A further aim of this thesis was to improve the initial DSM approaches of silt and clay predictions that were solely based on legacy samples. Thus, the initial legacy calibration set was augmented by an uncertainty guided sampling. Clifford et al. [2014] selected additional samples that, in combination with available legacy samples, cover the covariate space and approved the method by a simulation study. Carré et al. [2007] proposed a method to identify locations for additional samples by previously analyzing the distribution of legacy samples in the covariate space. Although the approach was approved by two different data sets, the method only refers to the covariate space, thus, disregarding geographical information. In this study, the study area was stratified according to the quartile distribution of the previously determined spatial uncertainty. Subsequently, additional samples were obtained in those strata with the lowest conformity between the covariate distributions in the strata and available legacy samples (Figure 7).
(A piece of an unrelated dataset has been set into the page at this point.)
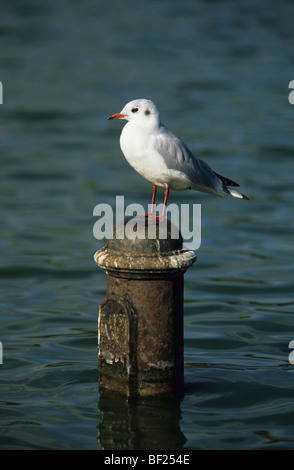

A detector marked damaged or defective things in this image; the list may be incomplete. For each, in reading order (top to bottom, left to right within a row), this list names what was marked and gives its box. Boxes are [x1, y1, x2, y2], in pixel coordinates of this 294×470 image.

rusty metal post [93, 216, 196, 396]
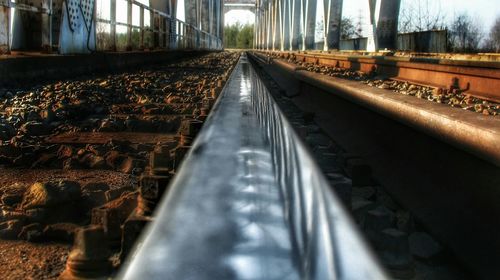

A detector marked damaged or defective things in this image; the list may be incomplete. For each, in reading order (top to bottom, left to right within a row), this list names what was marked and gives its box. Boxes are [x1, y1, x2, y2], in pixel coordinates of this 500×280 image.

rusted metal surface [262, 50, 500, 102]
The spatial uncertainty values of both approaches were combined (cf., Section 6.5). This procedure implies a favored incorporation for the soil property, which generally shows increased prediction uncertainty. Furthermore, the procedure implies a harmonization in quality of both initial soil property predictions. The results confirmed these implications, while silt was favored with an uncertainty decrease of 31% compared to clay with a decrease of 27% in the LDUnc approaches (Table 7; Figure 10). The similar proportions of decreasing uncertainty between both predictions approve the method of combining the uncertainty maps in our case study.

8 Discussion

81 Collard et al. [2014] sampled a legacy soil map for calibrating a regression model and improved the class purity by 10%. Other studies showed an accuracy improvement of 6% to 19% using DSM approaches to upgrade legacy soil maps [Kempen et al., 2009; Yang et al., 2011; Rad et al., 2014]. The results from this study show increases in accuracy of 12% and 14% for the predictions of clay and silt when comparing the LD approach with the LDUnc approach. Generally in DSM, accuracies with R² > 70% are unusual, while R² < 50% are common [Malone et al., 2009]. The accuracy results of the best performing RF approach, which has been calibrated with LDUnc, show explained variances of R² = 0.59 for silt and R² = 0.56 for clay. The successful application of the spatial uncertainty measure, thus, improving the quality of initial DSM products by an uncertainty guided sampling, approves the practicability and validity of this method.